Study: Arabs may be poorer, but Jews get more welfare funds
According to Sikui Association, state spends 35% more on Jewish residents, even though Arabs are 3 times as poor.
The government spends more in welfare on the Jewish sector that it does on Arab citizens, even though the Arab population has a higher rate of poverty, according a report issued by the Sikui Association for the Advancement of Equal Opportunity on Thursday.
According to official data examined by Sikui, the state spends an average of NIS 378 on each Jewish citizen and only NIS 246 on each Arab citizen - a discrepancy of 35 percent, although there are three times as many Arab families under the poverty line as Jewish families.
When adding the amount of welfare spent by bodies such as the local authorities, the gap remains the same: The average Jewish resident receives NIS 493 from the state while the average Arab resident receives NIS 328 - a discrepancy of 34 percent.
In general, when a local population lives in poverty, the local authorities are obligated to invest even more funding in welfare needs. However in most cases, local authorities are in such dire financial states themselves and do not have the funding to invest more in their residents.
An "equality index" released by Sikui states that the level of inequality in welfare spending between Jews and Arabs is the most striking of comparisons. The index, which rates complete inequality as 1, currently stands at 0.44. The index takes into account different factors, such as welfare spending as well as employment and poverty rates.
The "employment index," which stands at 0.38, points out another striking inequality, albeit not as severe as welfare. A large percentage of Arabs work in occupations that have a below average income. For example, there are more than four times as many Arabs working in construction than Jews.

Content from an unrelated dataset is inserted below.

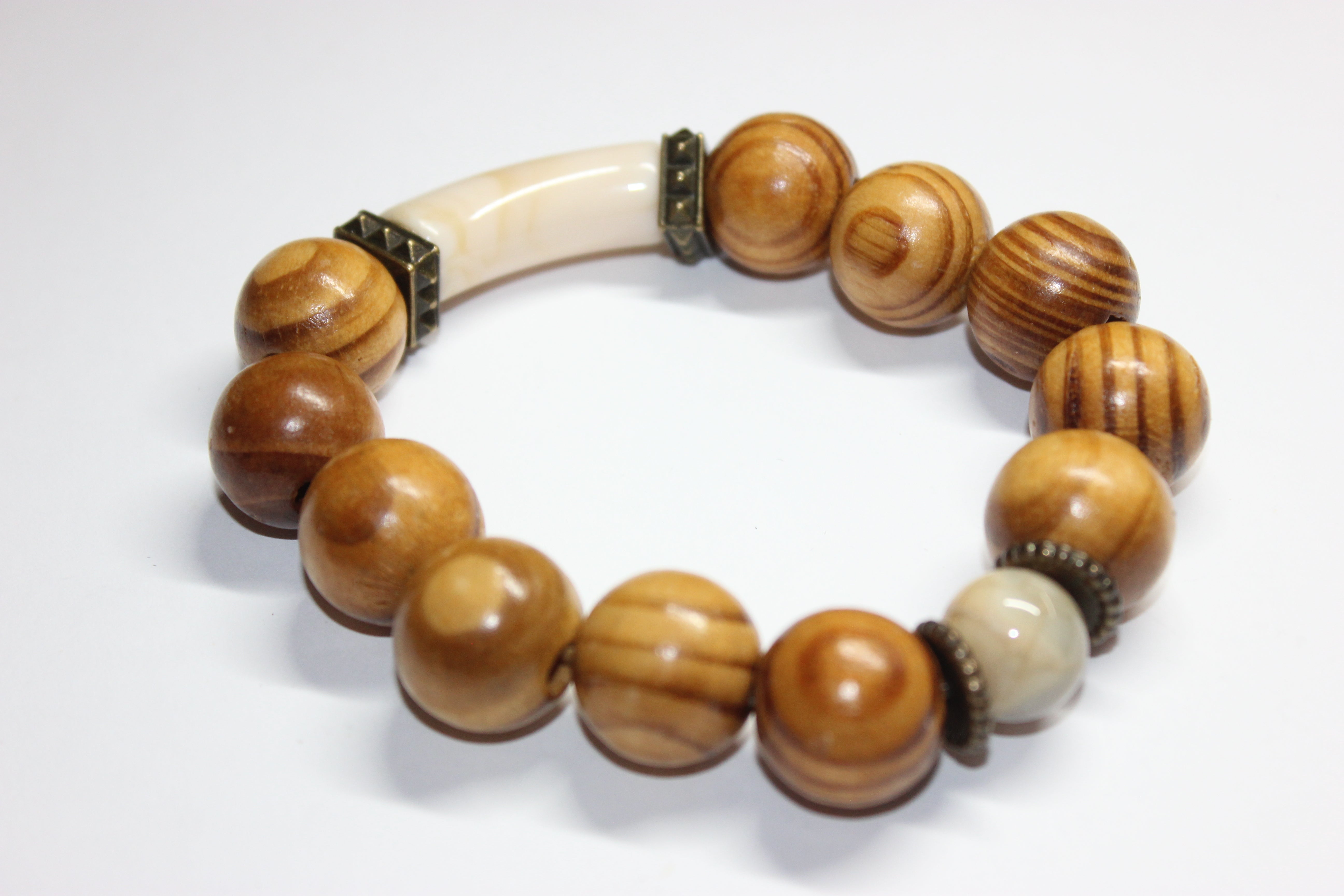 Tan & Wood Beaded Bracelet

According to Yasser Awad, supervisor of proper employment representation for Sikui, the public and private sectors exclude the Arab population from various occupations. These exclusions explain why the sharp rise in education in the Arab sector has not lead to a subsequent rise in employment rates.
Awad notes that Arabs fill only 4 percent of managerial positions, even though the average education level of Arab managers is higher than that of most Jewish managers. "The Arabs are not integrated into key positions. The only explanation for this is that the private and public sectors see the Arabs as a demographic threat, and not an educated and talented source of human capital," said Awad.
An additional problem is that only 39 percent of Arabs have joined the work force, as opposed to 57 percent of Jews. This gap is due to the fact that only 17 percent of Arab women work, as opposed to 55 percent of Jewish women.
According to Awad, there are many ways to improve this situation, such as encouraging employment of Arabs and establishing integrated industrial zones. "Just as the government encouraged the employment of immigrants in the 90s, they can get things done here. We already had one crisis in October 2000, do we really need to wait for the next one?"